Despite its canonization, The Searchers has had its share of detractors, and I always felt that the skeptics outnumbered the devotees in my generation. Compared to many of the Westerns made in the past 20 years (the revisionist Unforgiven, the off-beat Dead Man, the politically correct Dance with Wolves), I can understand how someone can dismiss it as “off-putting to the contemporary sensibility.” But such a statement betrays some historical arrogance in one’s taste.

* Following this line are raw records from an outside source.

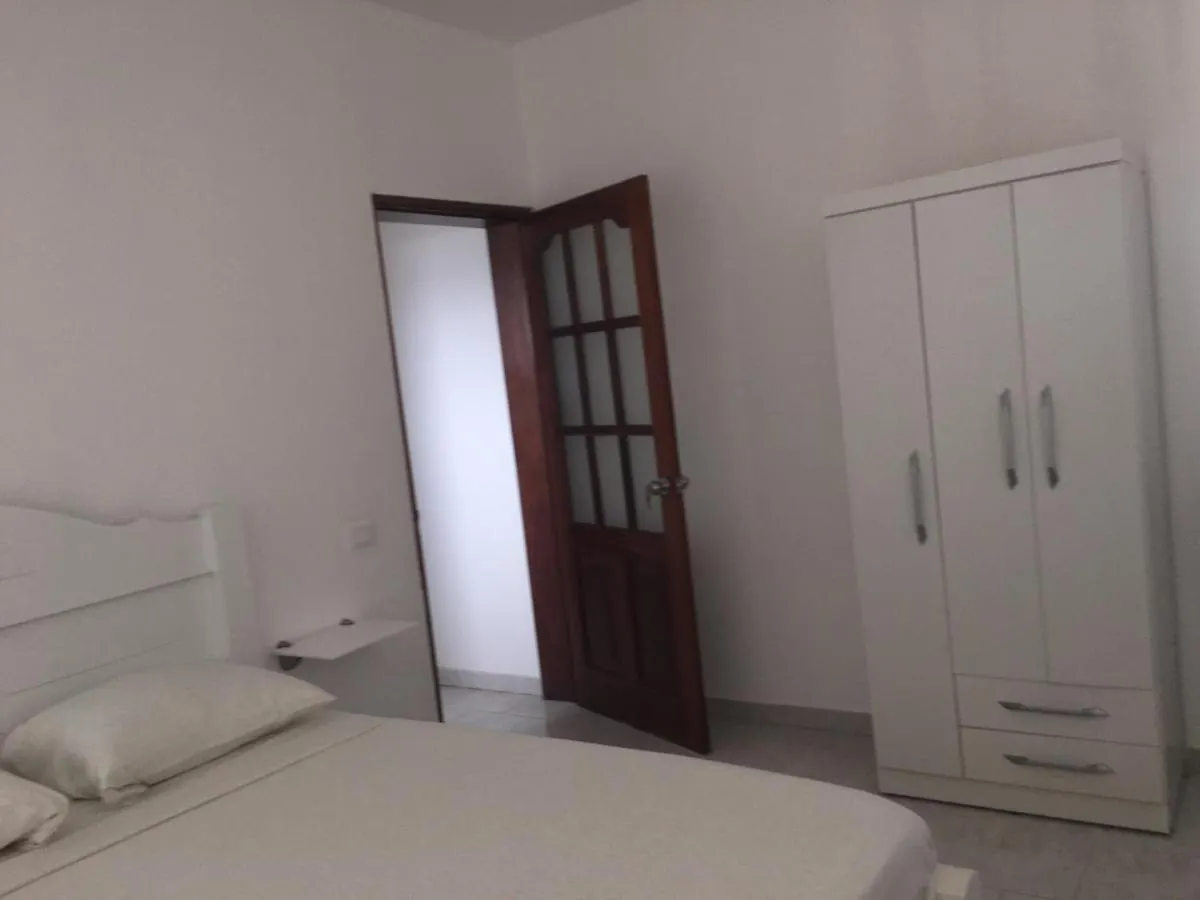 Apartamento Coral سانتا ماريا الرأس الأخضر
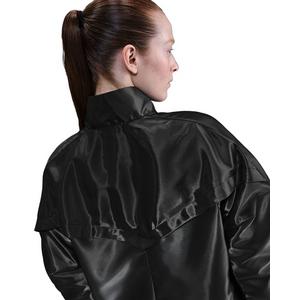 Nike Women's Sportswear Shine Windrunner Jacket -Black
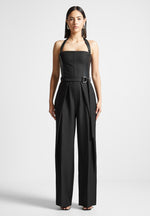 tailored-jumpsuit-black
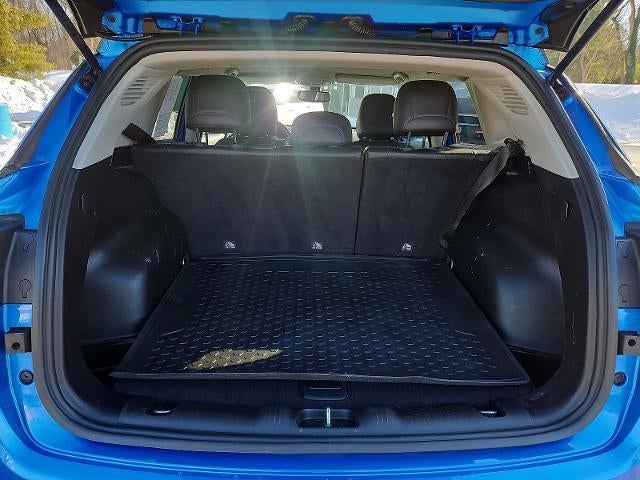 2018 Jeep Compass Altitude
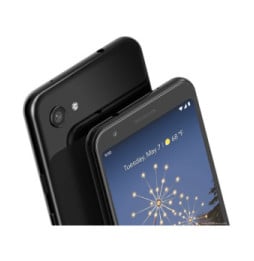 Google Pixel 3a XL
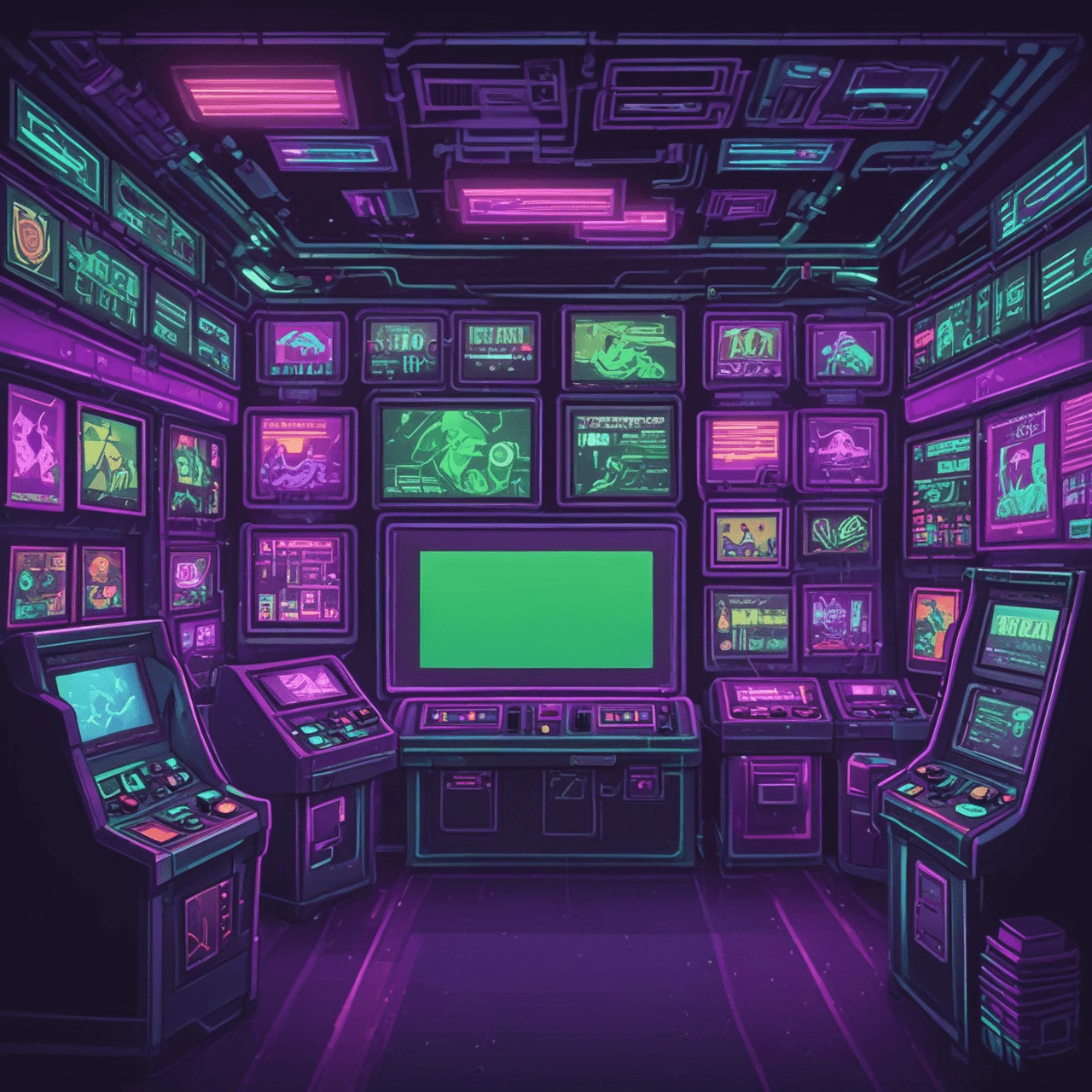 Vocab Master: Media & Tech game banner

The first time I saw The Searchers, it looked uneven – I thought there was too much shlock, and I believed Ford’s approach was too broad. When I saw it again a few years later, and again a few days after that, all those alleged flaws appeared deceptive, and that’s when I really noticed a subtlety in craft that was powerful as it was economical. The build up to Lucy’s terror, the traumatic moments that are never seen but completely felt, the hatred conveyed in one chilling close-up…Ford knew how to get under your skin without any emotional bullying. But Ford could also be sentimental without crossing the boundaries of taste, and The Searchers can be surprisingly moving. One of the most tender scenes comes near the beginning, when you realize what’s there between Ethan Edwards and his brother’s wife, Martha. A silent, understated miniature, it’s all the more poignant in the way Sam Clayton chooses to witness it. Classic Hollywood has always been lauded for its “invisible style,” an approach to editing and composition that doesn’t draw attention to itself, but this scene is an extraordinary example of this.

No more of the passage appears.